--- Task objective ---
The line containing "Amazonsmile - Amazon Smiles" and every line after it, through the end of the records below, are to be reproduced exactly, with the pictures left out.
****************
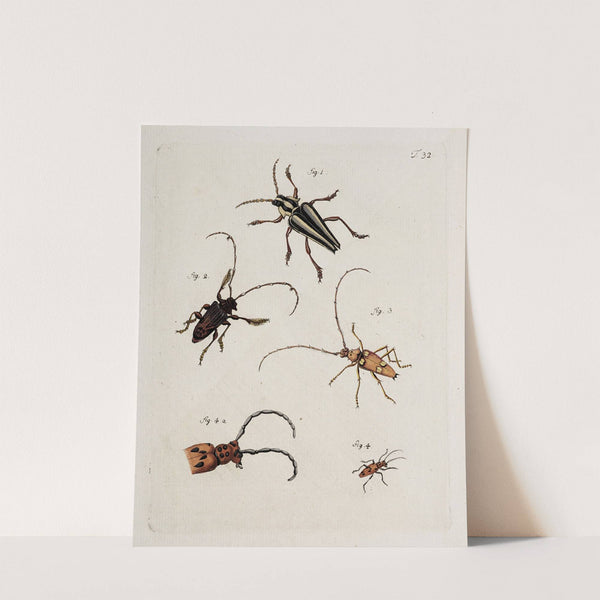 Archives de l&#039;histoire des insectes Pl.34 by Johann Caspar Fuessli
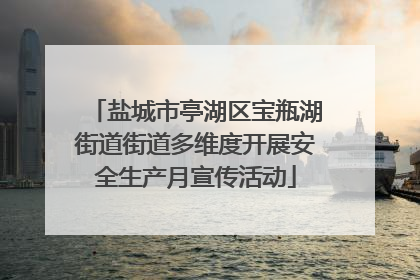 盐城市亭湖区宝瓶湖街道街道多维度开展安全生产月宣传活动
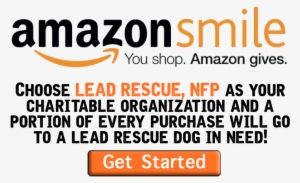 Amazonsmile - Amazon Smiles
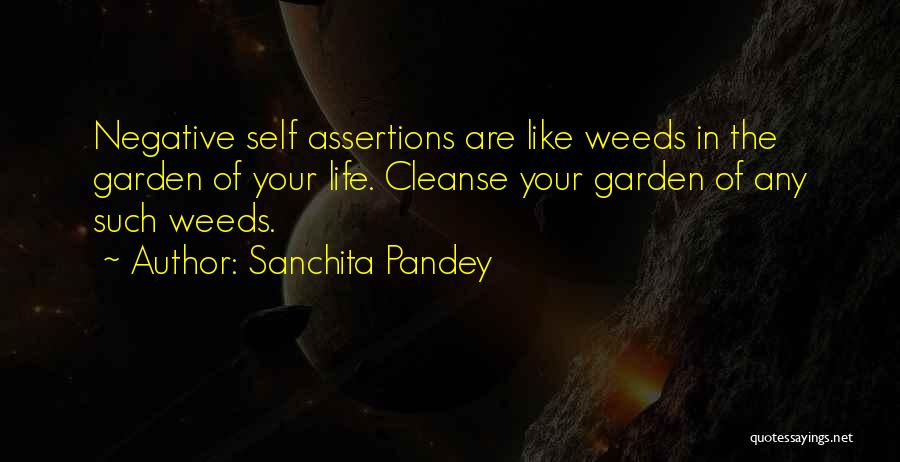 Sanchita Pandey Quotes 1252032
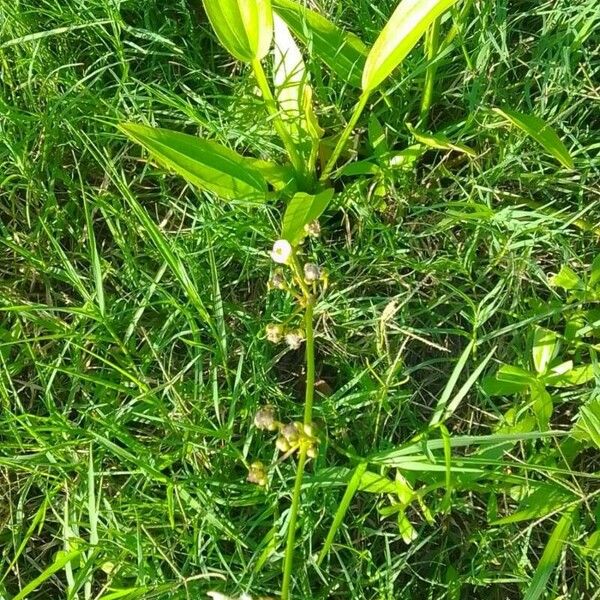 Aquarius palifolius Flor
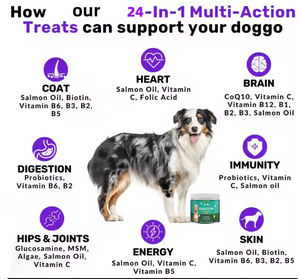 Integratori Multivitaminici e Probiotici <span class=keywords><strong>per</strong></span> <span class=keywords><strong>Cani</strong></span>, Compresse Masticabili <span class=keywords><strong>per</strong></span> Digestione, Articolazioni e Salute Intestinale, Supplementi Vitaminici <span class=keywords><strong>per</strong></span> Animali Domestici - Product Image 5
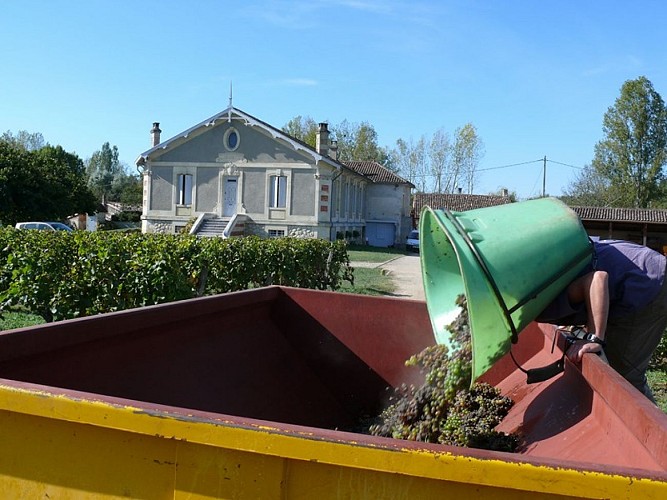 Château Lamourette 4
****************
--- Task output ---
 Amazonsmile - Amazon Smiles
 Sanchita Pandey Quotes 1252032
 Aquarius palifolius Flor
 Integratori Multivitaminici e Probiotici <span class=keywords><strong>per</strong></span> <span class=keywords><strong>Cani</strong></span>, Compresse Masticabili <span class=keywords><strong>per</strong></span> Digestione, Articolazioni e Salute Intestinale, Supplementi Vitaminici <span class=keywords><strong>per</strong></span> Animali Domestici - Product Image 5
 Château Lamourette 4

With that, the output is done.